Much has been written about South Africa in the international press in recent months. Most of these articles have focused on the problems and challenges South Africa faces: the fatal triangle of poverty, inequality and unemployment, the fight against corruption, the lack of growth, the need to attract foreign investment. I have to admit that I, myself, have also been pointing at these and other challenges. But the election last week showed us again what's making South Africa so special and exemplary, and, yes, a beacon of hope:
Its democracy is vibrant, robust and competitive. 25 years after the end of apartheid, that's a joy to see. And that's by no means a given.
South Africa's election last week was something to watch and to remember. It moved and impressed me in equal measure.

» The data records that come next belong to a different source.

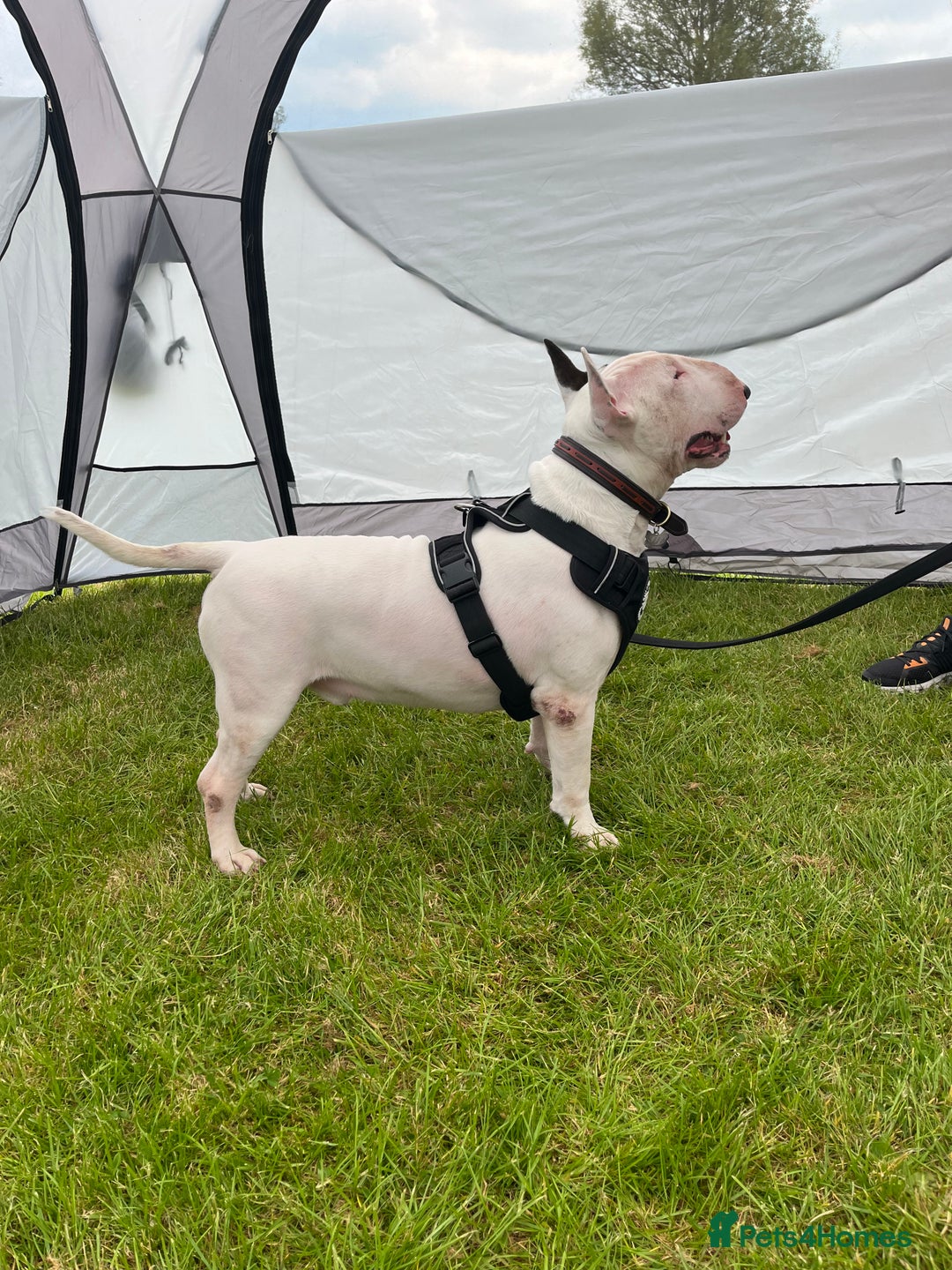 English Bull Terrier dogs for stud: Amazing boy for stud in Liverpool - Advert 5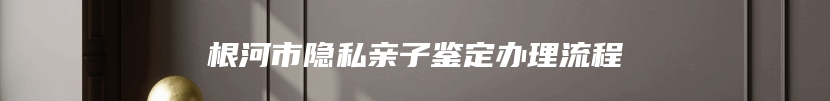 根河市隐私亲子鉴定办理流程
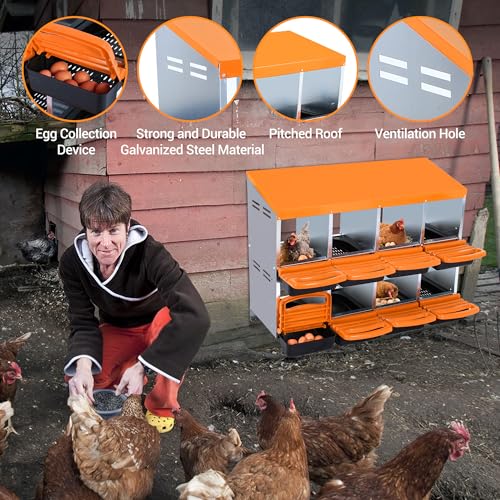 8-Hole Chicken Nesting Box, 2-Tier 8 Compartment Metal Roll Away Egg Laying Box with Lid & Legs, Easy Egg Collection, Galvanized Steel Rustproof Poultry Laying Boxes for Hens, Ducks, Farm, Yard - size: 8 holes-Orange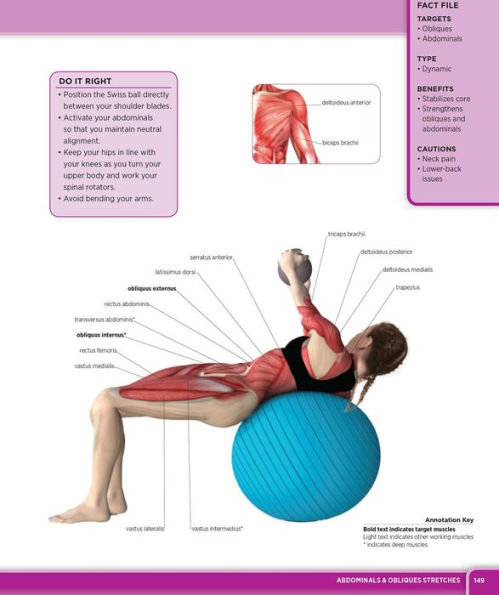 Ultimate Guide to Stretching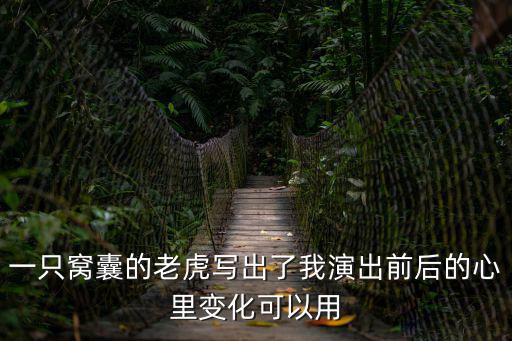 一只窩囊的老虎寫(xiě)出了我演出前后的心里變化可以用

I was out crisscrossing Alexandra on election day, talking to voters and IEC officials at a number of polling stations. I was impressed by the joyous, peaceful atmosphere – men and women, young and old, South Africans from all walks of life heading out to cast their vote.
The Electoral Commission of South Africa (IEC) did a tremendous job in preparing and running this election – which was judged free and fair by international observers.
I was particularly impressed that the IEC introduced new, innovative instruments that I believe we Europeans can learn a great deal from. Take the important issue of “fake news” and disinformation surrounding an(y) election. What is fact and what is fiction when it comes to social media? What is truth and what is propaganda, possibly peddled to derail elections and mislead voters? To tackle this problem, the IEC cooperated with media research organisation Media Monitoring Africa (MMA) and set up an online complaints platform – the Real 411 – where people were able to lodge suspected cases of “fake news” and disinformation.
To anyone as old as me: “the 411” is a term cooler and younger people use to describe “information” – so my children tell me. It is an impressive project. I had the chance to discuss the platform with IEC commissioner Janet Love, MMA experts and senior journalists during a panel discussion at the Goethe-Institut Johannesburg two days before the election. The main thing I learned is how little I still know – about how “fake news” works, how disinformation challenges the profession of journalism and how misinformation risks shaping our political discourse.
One thing, however, is crystal clear: all our democracies need to tackle this scourge, particularly during election time. Social media is a fantastic instrument – no doubt. But this always-on world of bots, likes and shares is also questioning long-held assumptions about what is driving debates in our democracies. With the European elections just two weeks away, the topic is vividly debated in Germany and elsewhere in Europe at the moment.
There are further aspects of the IEC's work on this election that we Europeans have looked at with great interest. Take the IEC results operations centre (ROC) – a sort of giant state-of-the art newsroom – that was set up in Pretoria during the count of votes.
Nothing like that exists in my country, or any othe country I know. In Germany, each political party organises its own election get-together, while our TV stations publish exit polls from the seclusion of their studios. A hub like the ROC – where scores of politicians, journalists, party officials, think tankers and diplomats mingle while the results are projected on screens in real-time? Unheard of! What a great space and how symbolic for South Africa's vibrant democracy. Where else would you find reporters, politicians and pundits all gathered in the same room for an immediate take on results?
Some of my colleagues told me the whole set-up reminded them of the logistical superlatives of an EU summit. Maybe – but without the Brussels rain, that's for sure, and with unambiguous results in facts and figures.
Whether in Brussels, Pretoria or Berlin, we all still face many challenges when it comes to elections. Voter participation certainly is a key one; getting young people out to vote in particular. South Africa unfortunately is no exception. Many young people across the globe are standing up for their beliefs, defending them in debates and on the street: student protests, #FeesMustFall, the fight against climate change led by brave activists like Swedish teenager Greta Thunberg. It's good to see such energy, passion and engagement. However, it's our challenge to also translate that into more participation at elections. It must be clear to the next generation that their future is decided at the ballot box.
Democracy is never a finished product. It is something we have to fight for, build, defend and develop. Conducting elections that live up to the challenges of the 21st century is a major cornerstone on that path. That's what last week was all about.
- Martin Schäfer is German ambassador to South Africa.